Terrorist Acts Pushing France into a Recession
France is the world’s most-visited country, with Paris and Nice being the two most popular cities. Needless to say, the attack on Nice last week and the bombings in Paris in January have had a considerable effect on the nation’s vital tourism industry.
Punching Bag has theorized that the repeated terrorist attacks in France and other parts of Europe are part of a large-scale plan to tear apart the EU and to mobilize Europe’s large (moderate) Muslim population into an insurgent force.
We can now see that the repeated attacks on France are pushing the country into a recession. Let’s take a look at France’s GDP:
France is the world’s 7th largest economy, but averaged less than 1% annual GDP growth between 1950 and 2016. France’s GDP grew 1.3% in 2015 and has grown 0.6% in the first three months of 2016.
Tourism makes up roughly 8% of France’s economy, and according to Newsmax terrorism has already stolen 30% of it. 30% (of 8%) is about 2.2%, which means France’s economy (currently 1.3%) will shrink by a factor of 2.2%, leading to a GDP growth of -0.9%. And I don’t need to tell you that negative growth equals recession.
Recessions lead to layoffs, flagging production, and more unrest. “There will be far fewer tourists,” predicts Joanna Marat, owner of a hotel in Nice. “I was planning to take more people on to help in August, but now I said to them that there will be no jobs.”
France stands to lose its valuable destination status if non-residents begin to view the country as unsafe.
“France has been projecting very violent images to the outside world for 18 months now,” says Vanguelis Panayotis of France’s MKG Tourism Consultancy. “The impact on business is going to be large. It’s tough, because France is just coming out of a successful Euro (soccer) tournament, and the feeling of insecurity had receded.”
Economist Christopher Dembik is more optimistic. The effect on France “will be smaller than the fallout from Brexit on the French economy,” he says. “France has an advantage compared to other tourist destinations, there is no identical substitute. Others simply understand that terrorist attacks can happen anywhere, and that it doesn’t make sense to avoid places in which attacks have already happened.

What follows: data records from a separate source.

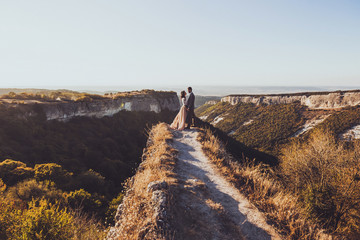Bride and groom walking in mountains at sunset. Around the stunning canyon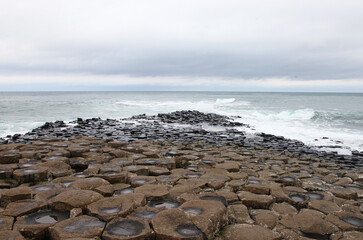 Fototapeta na wymiar The Giant's Causeway is an area of about 40,000 interlocking basalt columns, the result of an ancient volcanic fissure eruption. It is located in County Antrim on the north coast of Northern Ireland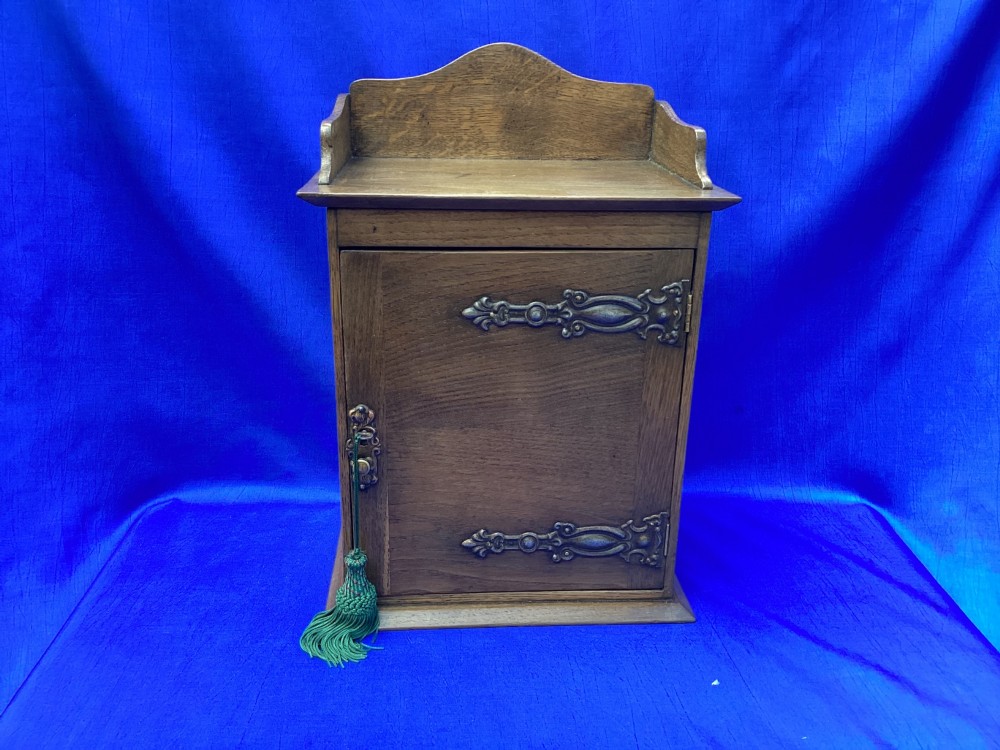 An Arts and Crafts medium brown oak key cabinet featuring an arched shaped gallery top and elaborate metal strap hinges on the single cupboard door.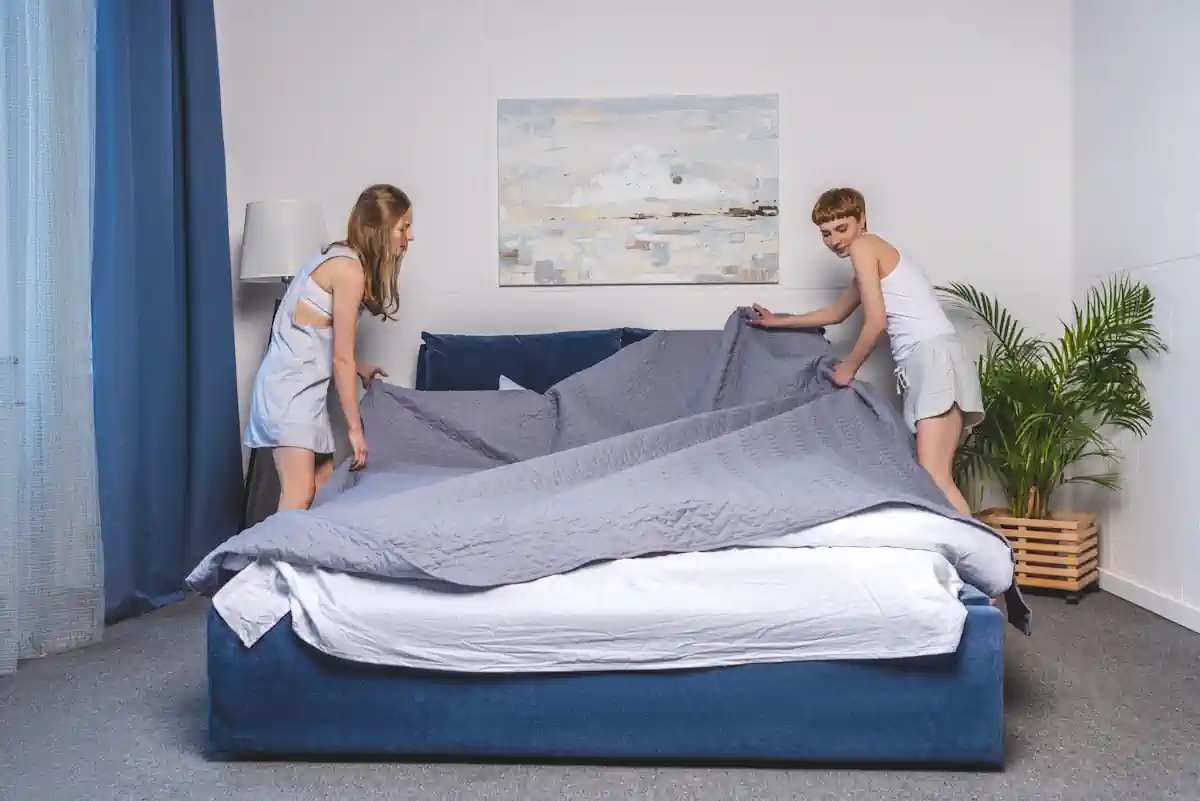 Deux femmes qui mettent une parure sur le lit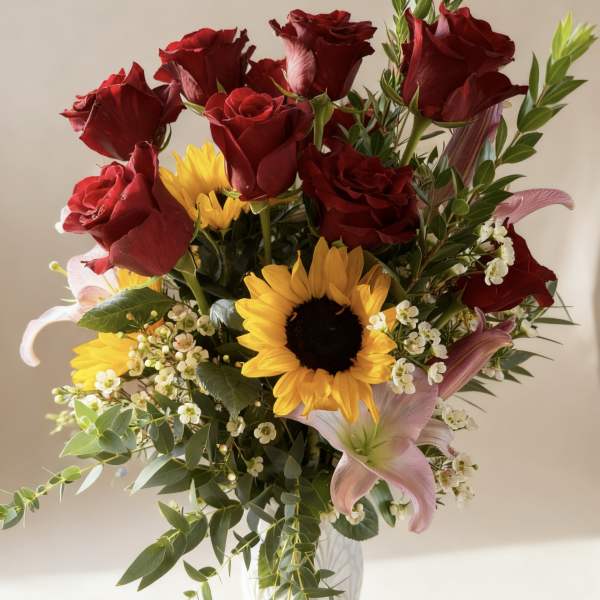 Bouquet of red roses, sunflowers, and pink lilies in a clear vase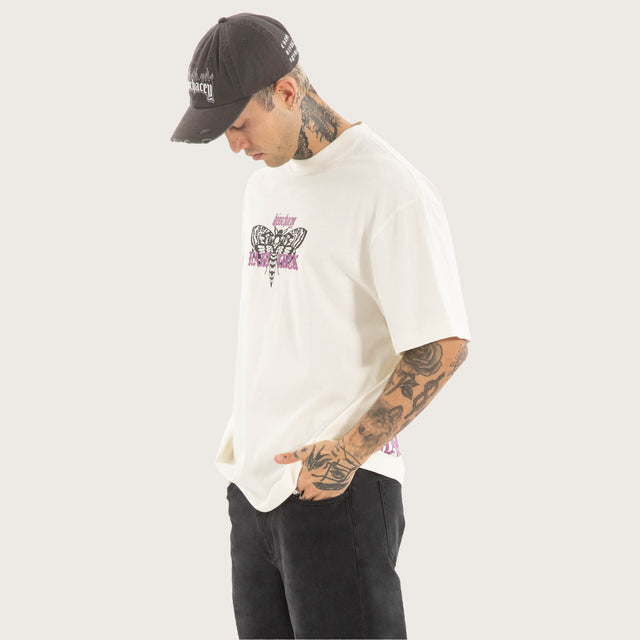 Model wears Desire Street Tee in White T-Shirts in White - Image 3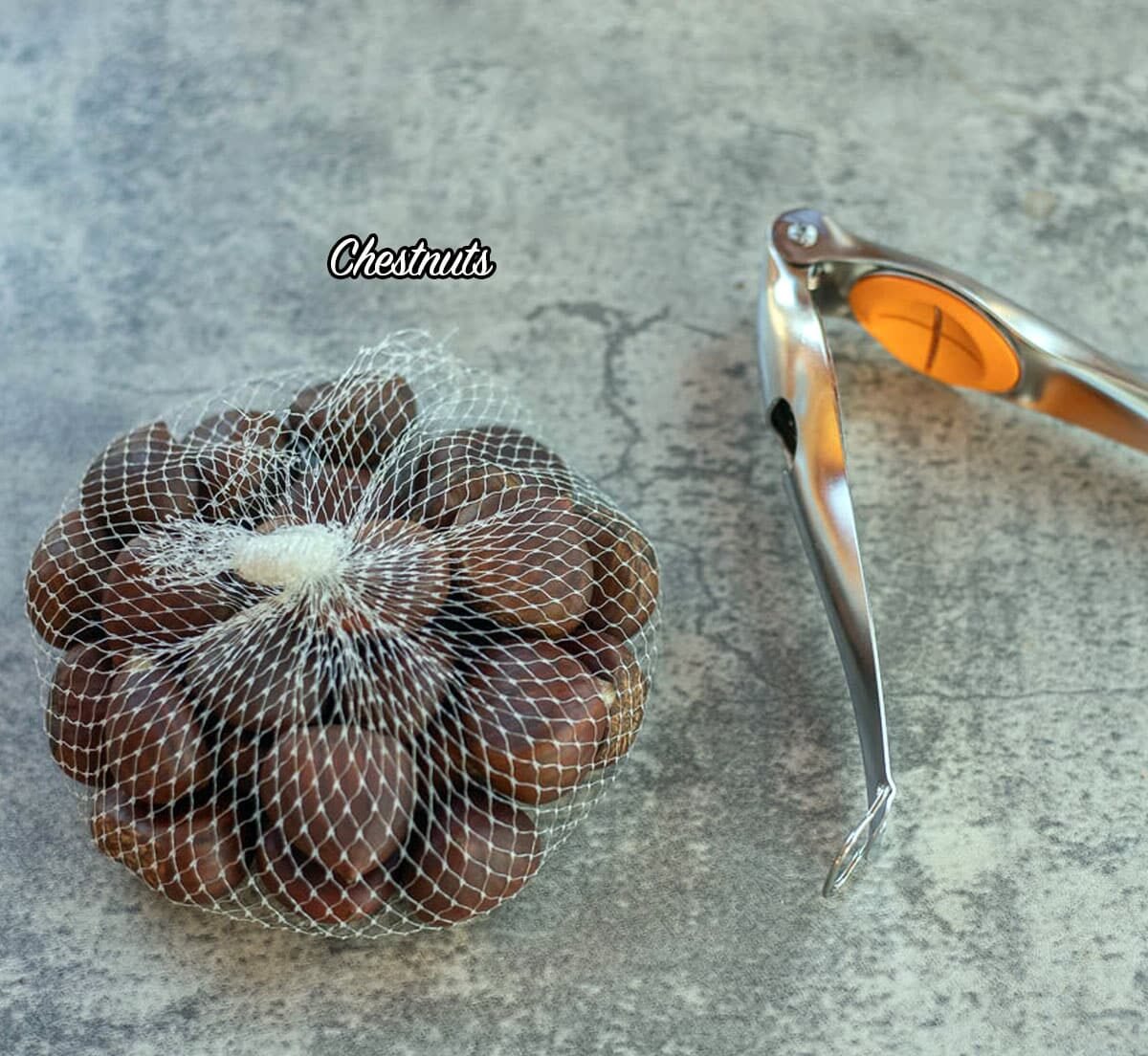 chestnuts in a mesh bad with a chestnut tool next to it.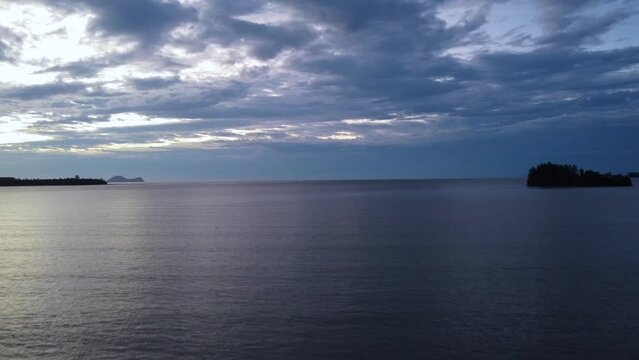 Aerial time lapse video of a beautiful sunset at Pasir Pandak beach, Santubong Sarawak, Malaysia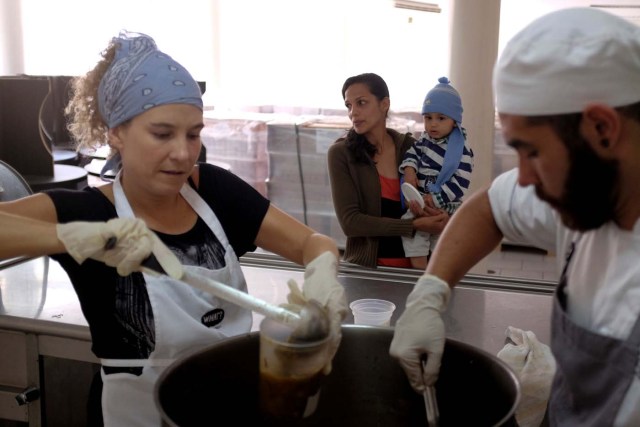 A woman carries her child as she waits for a cup of soup being served by chefs of La Casa Bistro restaurant, members of the "Full Stomach, Happy Heart" (Barriga llena, corazon contento) charity,  at the J.M. de los Rios Children Hospital in Caracas, Venezuela February 13, 2017. Picture taken February 13, 2017. REUTERS/Marco Bello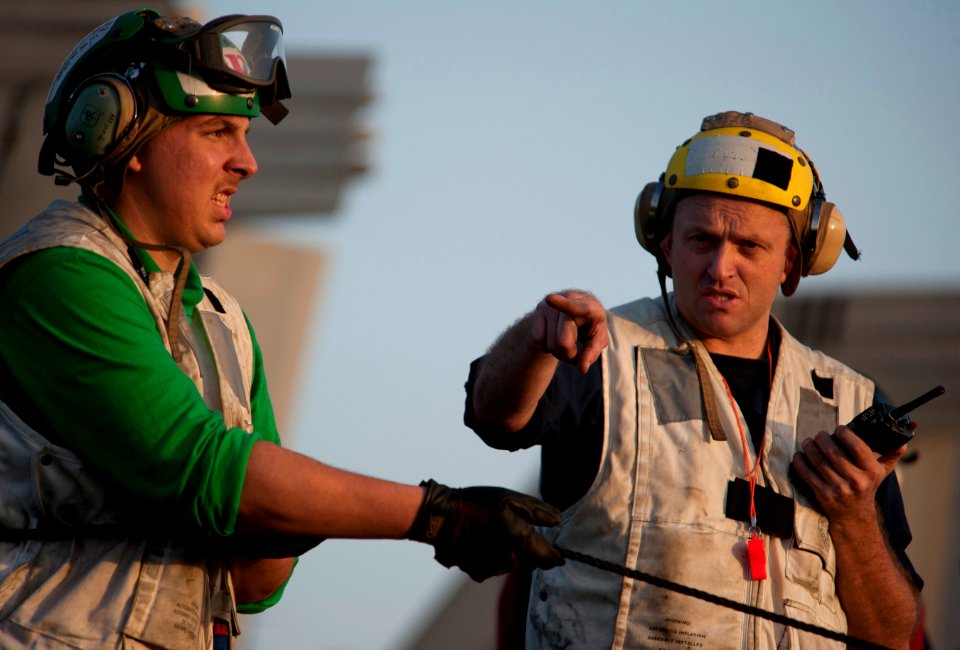 US Navy 110210-N-7981E-389 Boatswain's Mate 1st Class Robert Huxoll directs line handlers on the flight deck of the Nimitz-class aircraft carrier U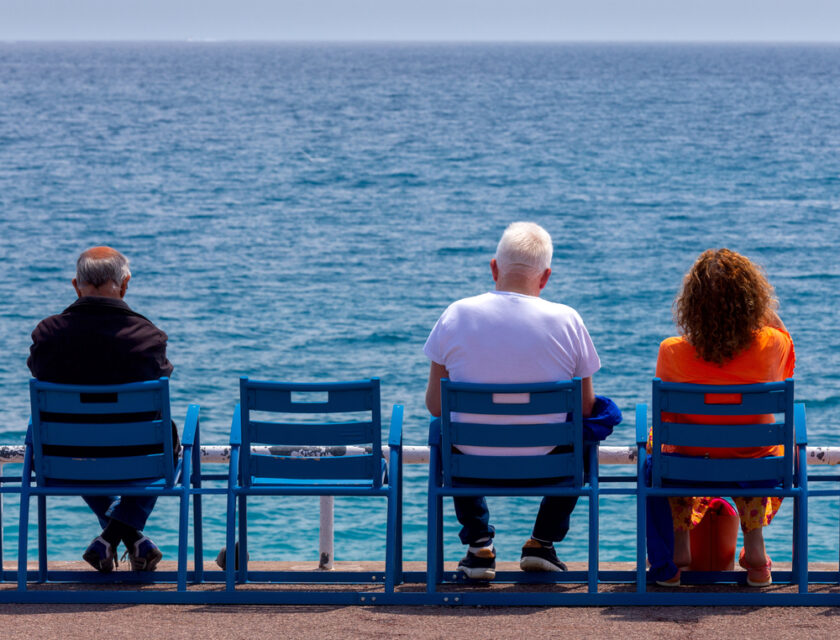 People sat by the sea 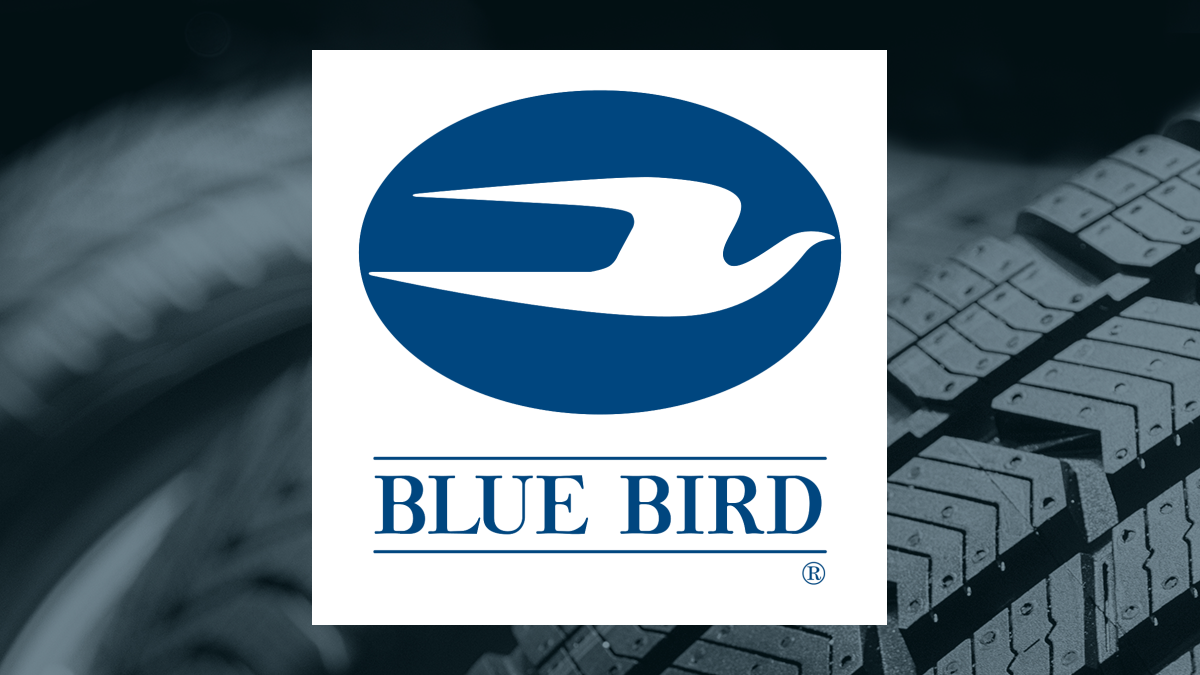 Blue Bird logo with Auto/Tires/Trucks background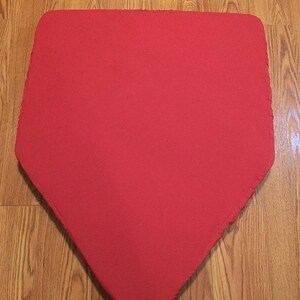 May include: A bright red, pentagon-shaped baseball base. The base is made of a textured material and is set against a wooden floor.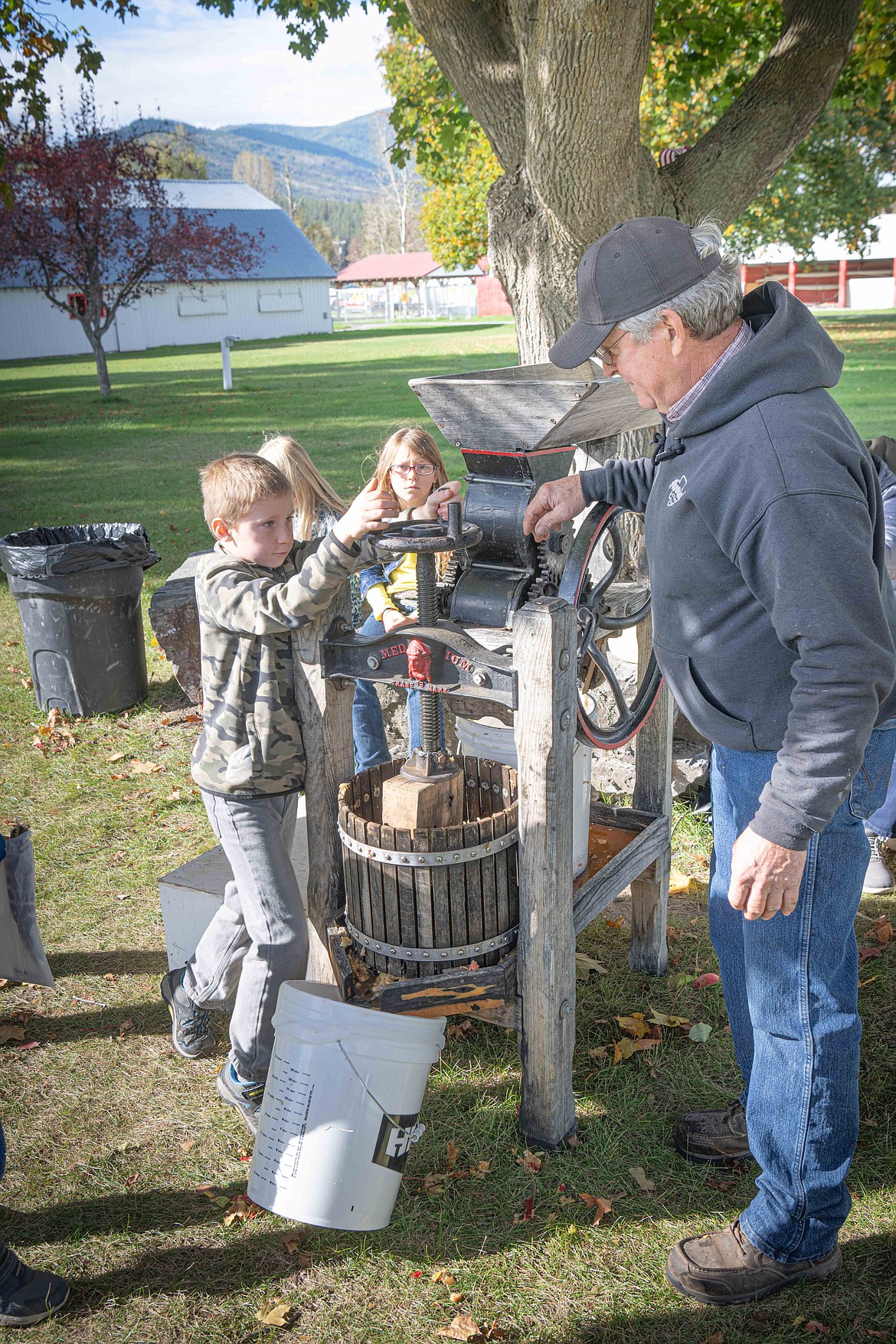 Bruce Beckstead shows Plains student Hoytt Miller how to make apple cider. (Tracy Scott/Valley Press)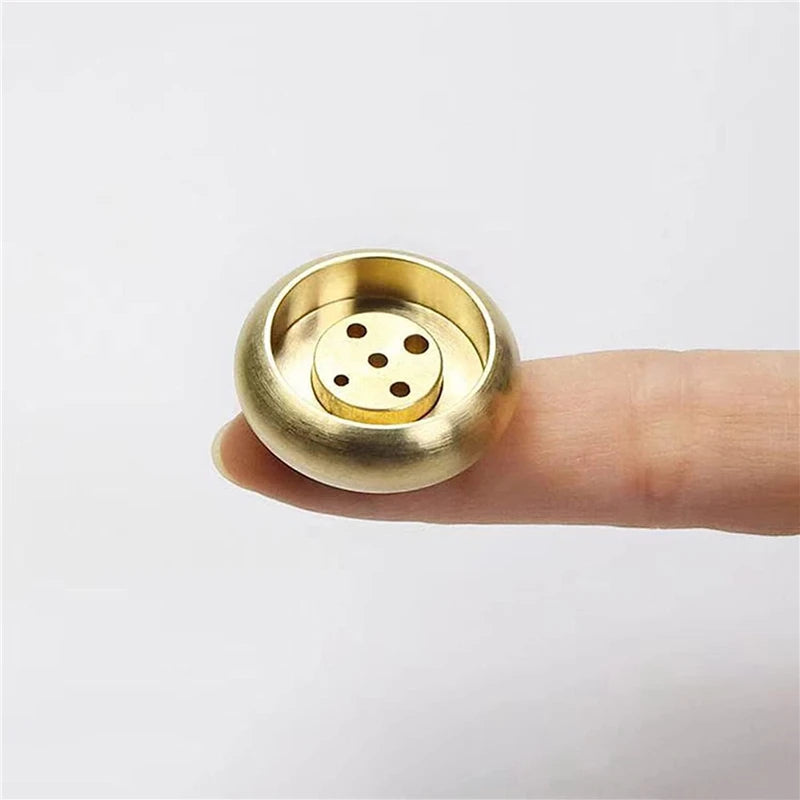 Gold-colored decorative object held between fingers on a white background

As PB’s Joe Gilbertson wrote in a previous article, the terrorists have a plan and it is coming to fruition. France’s struggles exemplify Step 6 of the plan outlined here. The real damage to France will not be the lives lost and the property damaged, but the economic effects as tourism wanes, businesses close, and unemployment rises.
Editor’s note: This was stated in the referenced article but bears repeating. Beirut was not destroyed by soldiers. When I was there in the late 1980’s, the damage from fighting was almost anecdotal.
The real destruction was the abandonment by businesses and banks, the subsequent economic downfall (I was there when the exchange rate went from 30 pounds to the dollar to 600 pounds to the dollar in less than 60 days) and the halt of imports. The infrastructure started to fail and could not be repaired, workers abandoned their jobs because their salaries were no longer enough to buy food. Desperation ensued.
If perception becomes that France is a dangerous place to do business, then France is done.